Ведь как, например, сегодня продать современную дорогущую печатную машину? Бесполезно разговаривать с директором типографии о сегодняшней ситуации на производстве или здоровье родственников – у тех, кто пережил кризис, всё более-менее налажено, и все здоровы. Нужно брать его за руку и вести в будущее. Система этого не может. А человеку, который это может, не нужна внешняя система. Достаточно собственной компетенции.
Но сложные системы, отрицающие или сильно ограничивающие инициативу «граждан компании» остаются притягательными. В компаниях складывается такая форма управления, которая во внешнем мире называется тоталитаризмом – со всеми атрибутами последней: внешней помпезностью, диктатом бюрократии, сложной отчетностью, приоритетом наказания перед поощрением, недостижимостью первых лиц для рядовых сотрудников и, разумеется, несменяемостью первых лиц. И мы все знаем, к чему все это приводит.
Почему это так? – вопрос, скорее к психологам. Житейский опыт подсказывает, что дело в страхе потерять власть. В начале этого – недоверие к сотрудникам, переходящее в страх потерять контроль; привычка контролировать все превращается в манию, и вот оно – представление о власти как о явлении, обеспечивающем безопасность и статус так называемого первого лица. Хотя колосс, как говаривал Ильич – на глиняных ногах.

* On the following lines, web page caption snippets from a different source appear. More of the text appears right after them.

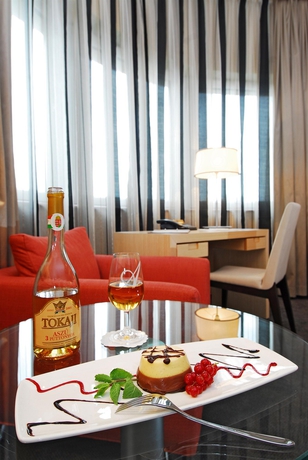 Imagen de la habitación del Hotel Mamaison Andrassy Budapest. Foto 7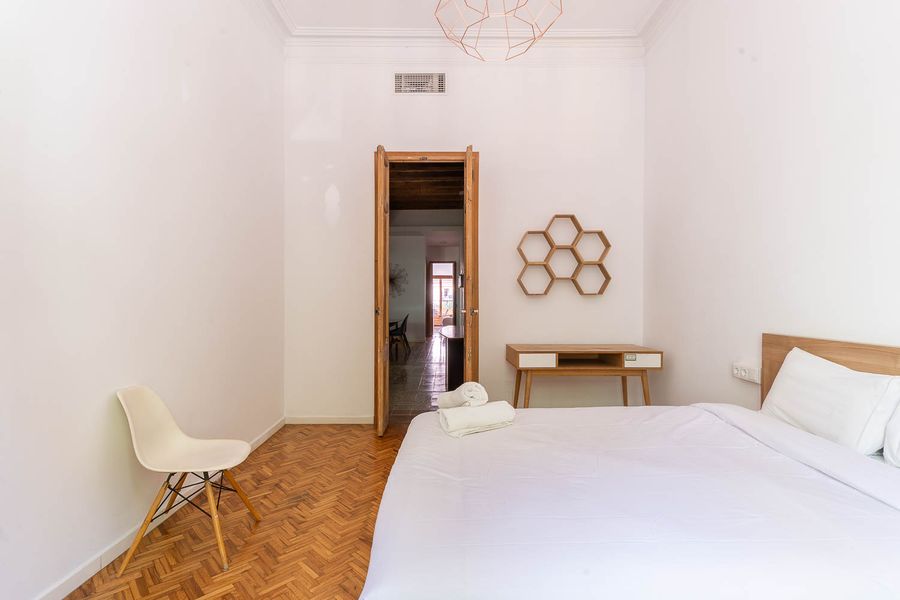 3-Bedroom  2-Bathroom Apartment with Terrace - PRAL11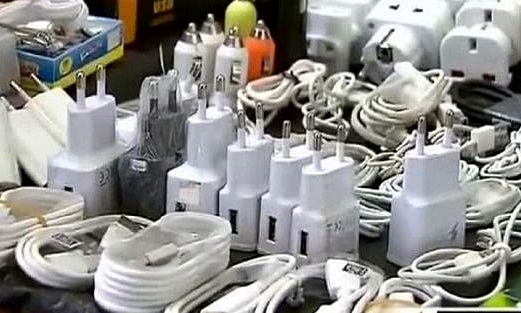 ضبط 256 ألف و500 شاحن للهواتف المحمولة تشكل خطرا صحة وسلامة المواطنين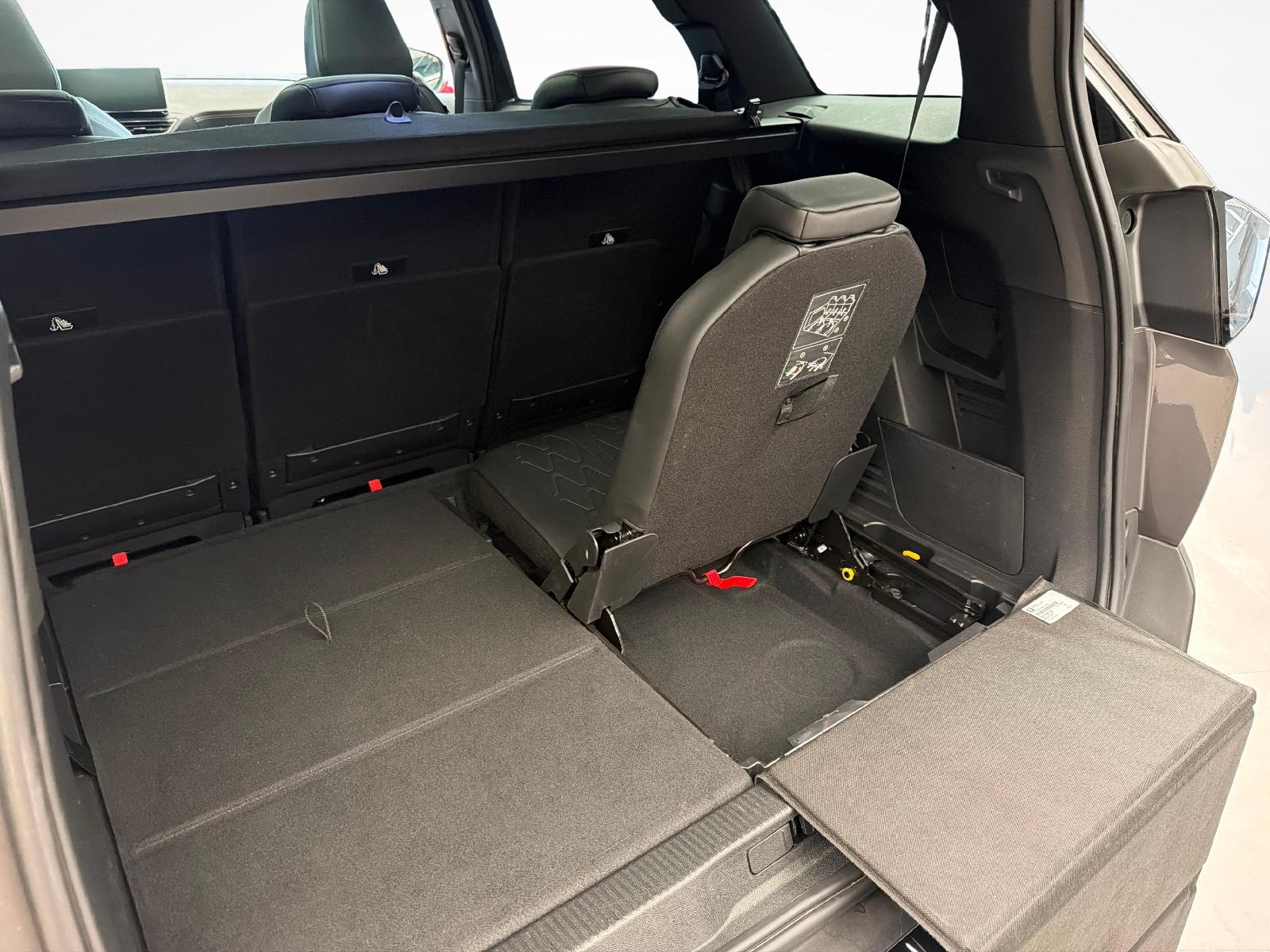 PEUGEOT 5008 1.6 PureTech GT Pack-image-12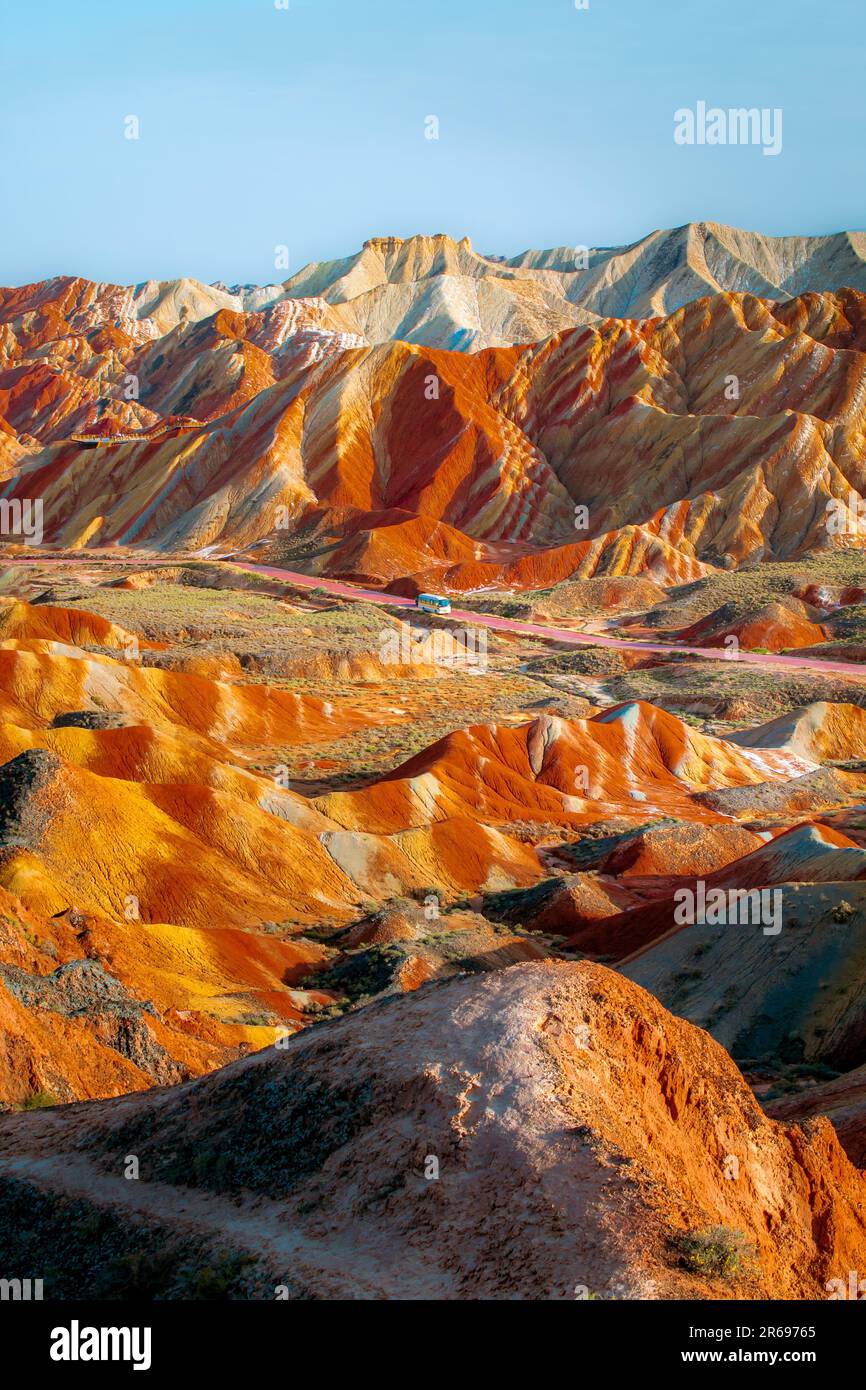 Rainbow moutain's Zhangye Danxia National Geological Park, Zhangye, Gansu - Cina. Immagine con tramonto verticale con spazio di copia per il testo Foto Stock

Всё вышесказанное не означает, что следует полностью отказаться от программных средств в ведении дел и бежать в антикварный магазин за костяными счётами. Вероятно, что и интерес к построению сложных моделей, и эффективность от их внедрения, развиваются синусоидально, находя компромисс в точках пересечения или двигаясь однонаправленно на некоторых участках. Но, скорее всего, на новых или сложных рынках наибольший успех будет сопутствовать компаниям, в которых слово ценят дороже электронного сигнала. То слово, про которое Гумилёв написал: «Словом останавливали птицу, словом разрушали города!»